ただし、問題は量だった。おいしいので箸は進むのだが、結局少しだけ残してしまった。

食後はそのままホテルへ戻るつもりだった。ところが途中で「仙草」の文字を見つけてしまう。
仙草といえばゼリーが有名だが、この店で売られていたのはなんとかき氷だった。これは見過ごせない。気づけば僕は、満腹を差し置いて指差しオーダーしていた。
かき氷は黒蜜をかけて食べると相性は抜群。さっぱりしていて食後でも重さを感じない。昼食を食べた直後にもかかわらず、スマートに完食していた。もっと暑い時期に食べたら最高だろうな。
結局、食べて終わる台湾の一日


ホテルでしばらく休んだ後は、夕飯を求めて街を散歩。少しは歩かないとお腹が軽くならない。

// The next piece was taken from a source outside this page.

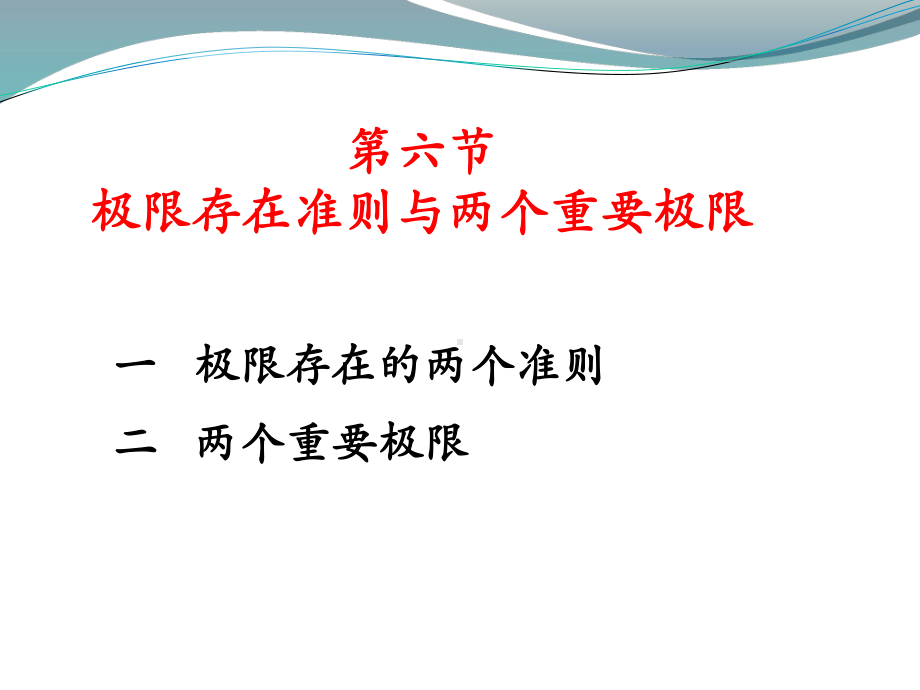 同济大学高等数学第七版极限存在准则与两个重要极限课件.ppt_第1页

散歩を終えたら、豆干に次ぐ名物と言われる 油飯 を食べてみることに決めた。向かったのは遊記百年油飯というお店。店名の通り、本当に100年以上の歴史があるらしい。
注文したのは油飯のセット(≒700円)。運ばれてきた油飯は、なぜかきれいなタワー状になっていた。
油飯は餅米を使った料理で、見た目ほど味は濃くない。個人的には、悪くはないが特別驚くほどでもなかった。
むしろ印象に残ったのはセットのスープだった。これまで飲んだことのない複雑な味わいで、こちらの方を名物として売り出してもいいのではと思ったほど。
こうして大渓観光は終了。石門水庫まで足を延ばしたものの、振り返ってみれば自然を楽しむというより 食を楽しむ一日だった気がする。台湾あるある。これもまたよし。